Veerabhadra Temple is located on Devakuta Parvatham, a hillock on an islet amidst the Godavari River near Pattiseema in Eluru district, Andhra Pradesh. The temple is dedicated to Shiva and the namesake is Veerabhadra.

The temple is one of the 'pancha Kasi kshetras' (five important peaceful places) mentioned in the Skaanda puranam, a collection of Hindu religious texts.

== Deities ==
Main deities in this temple are Lord Veera Bhadra Swamy and Goddess Bhadra Kali. Lord Shiva is Self manifested as Veerabhadreswara swamy. Goddess Sathi as goddess Bhadra Kali. According to temple's history Gouthama Buddha did Dhyanam here.

== History ==
This temple is also called as Pattisam Veerabhadra temple.
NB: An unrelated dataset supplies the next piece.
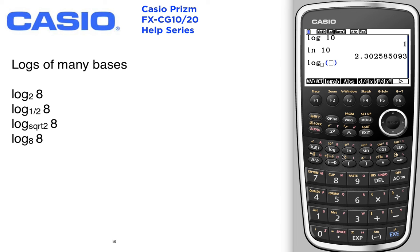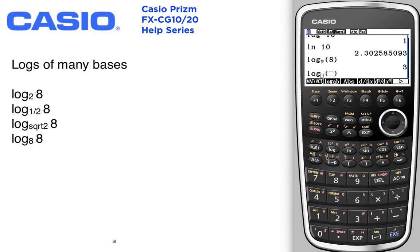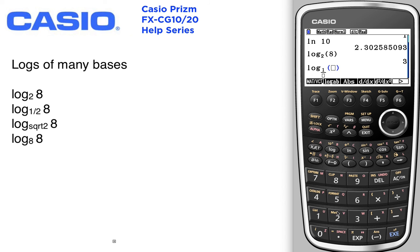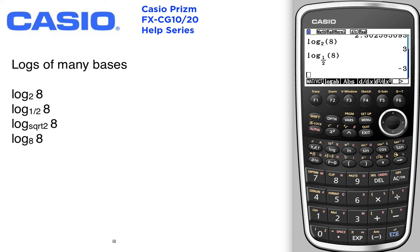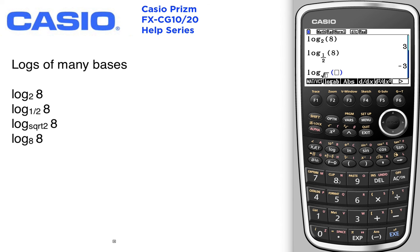Let's do log base 2 of 8. Since it's a template, we can also do log base 1/2 of 8, or any other number.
After few years Dakshaprajapati did Yagna inviting all Gods and goddess. But he did not invite Lord Shiva and her daughter goddess Sati Devi. After asking permission goddess went to his father's Yagna. But his father insulted her and Lord Shiva. Due to this goddess fired her self at Yagna. Due to this Lord Shiva got angry and from his Jatajutam (hair)plucked lock of hair and thrown to ground, from that born Veerabhadra swamy (incarnation lord Shiva) & Bhadrakali.

Then Veerabhadra swamy cut the head king Daksha with Pattisa (warriors instrument). After killing him the rage of lore is very high. And danced Rudra Thandavam on Devakuta Parvatha. After considering all gods request and specially Sage Agasthya embraced him with his hands to cool and make him to calm down. Finally asked to settle here in the form of Shiva Linga(self- manifested) on this hillock as mentioned in SKANDA PURANAM. We can see hand prints on Shiva Lingam on square panel.

Veerabhadra swamy cleaned his pattisam in this river Godavari. From then this places is called as Pattisam or Pattisachala kshetram.

Temple construction -As per Mythology temple constructed by Vishwa Karma.

According to history temple belongs to 12th century, constructed by Reddy kings.

=== Sub shrines ===

Kshetra palaka of temple is Bhavannarayana swamy. The main sub shrine is Lakshmi sahitha sri Bhavannaraya swamy one of Five Bhavannarayana swamy temples of India located in Andhra pradesh.

Sita Ramabhadra swamy temple, Kala Bhaivarava temple, subrahmanya swamy, goddess Saraswati, lakshmi Ganapathi, Suryanarayana swamy& sri thandava Veerabhadra swamy.

== Transport ==
Pattiseema temple is 40 km from Rajahmundry which has nearest airport and railway station. From there can travel through bus or car. After reaching Pattiseema village only means of transport is boat or launch to reach temple. Area surrounded by Papi hills.

== Other features ==

There is a big Hanuman statue at Pattiseema boating point.

Near to this Devakuta hillock there is a hill called Elephant hill (Aanugu shila) where god Sri Maha Vishnu gave salvation to Elephant mentioned in Gajendra moksham.